Das FG (FG Rheinland-Pfalz, Urteil vom 06.03.2008, 4 K 2637/04, Haufe-Index 2032477, EFG 2008, 1653) folgte dem. Erschließungskosten eines von der Gemeinde erschlossenen eigenen Grundstücks gehörten bei einem Verkauf des Grundstücks nicht zur Bemessungsgrundlage der GrESt, wenn die auf die Erschließungsanlagen entfallenden Beträge gegen den Ersterwerber aus Vereinfachungsgründen nicht in einem besonderen öffentlich-rechtlichen Akt festgesetzt, sondern betragsmäßig nachvollziehbar neben dem Kaufpreis in die zivilrechtliche Vereinbarung mit einfließen würden.

 

Entscheidung

Der BFH gab hingegen der Revision des FA statt, hob die Vorentscheidung auf und wies die Klage ab.

 

Hinweis

1. Bei einem Grundstückskaufvertrag ist nach § 8 Abs. 1 GrEStG als Bemessungsgrundlage für die Festsetzung der GrESt der Wert der Gegenleistung. Nach § 9 Abs. 1 Nr. 1 GrEStG gilt als solche u.a. der Kaufpreis einschließlich der vom Käufer übernommenen sonstigen Leistungen. Für den Umfang der Gegenleistung im grunderwerbsteuerrechtlichen Sinn ist dabei vor allem darauf abzustellen, in welchem Zustand die Vertragsbeteiligten das Grundstück zum Gegenstand des Erwerbs gemacht haben.

2. Ist ein Grundstück im Zeitpunkt des Abschlusses des Grundstückskaufvertrags bereits tatsächlich erschlossen, so kann Gegenstand des Kaufvertrags schon rein faktisch nur das erschlossene Grundstück sein. Entsprechend gehören dann zur Gegenleistung aber auch die im Kaufvertrag ausgewiesenen Kosten für die Erschließung. Das gilt – wie der BFH jetzt klarstellt – auch in dem Fall, dass der Erwerber ein erschlossenes Grundstück von einer Gemeinde kauft, der Kaufpreis Kosten für die Erschließung enthält, aber die öffentlich-rechtliche Beitragspflicht erst entsteht, wenn sich das Grundstück nicht mehr im Eigentum der an und für sich zur Beitragserhebung berechtigten Gemeinde befindet. Entsprechendes gilt für Kostenerstattungsbeträge, die wegen durchgeführter Ausgleichsmaßnahmen für den Naturschutz als Berechnungsfaktor bei der Festlegung des Kaufpreises für ein gemeindeeigenes Grundstück berücksichtigt werden.

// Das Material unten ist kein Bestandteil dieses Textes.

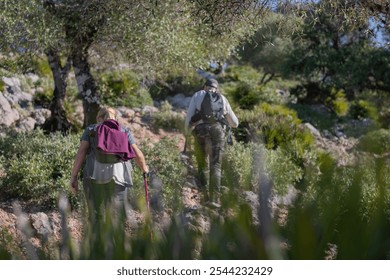 mature couple hiking through mediterranean olive grove in nature landscape. Caucasian couple trekking in mountains with backpacks, hiking clothes and walking stick with copyspace - Powered by Shutterstock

3. Letztlich hängt die Lösung des Einzelfalls – wie dies der BFH auch durch "Detailanalyse" des Streitfalls deutlich macht – von der Auslegung des entsprechenden Kaufvertrags ab. Handelt es sich bei den als Teil des Kaufpreises bezeichneten Beträgen (im Streitfall für die Erschließung, den Ausbau der Abwasserbeseitigung, den Baukostenzuschuss für den Anschluss an die Wasserversorgung und die Kostenerstattung für Ausgleichsmaßnahmen) um anteilige eigennützige Leistungen des Käufers, die für einen noch herzustellenden künftigen Grundstückszustand zu erbringen sind, so sind sie nicht in die Gegenleistung einzubeziehen, während dies bei Beträgen, die kraft kaufvertraglicher Verpflichtung allein für die Übertragung des Grundstückseigentums zu entrichten sind, der Fall ist.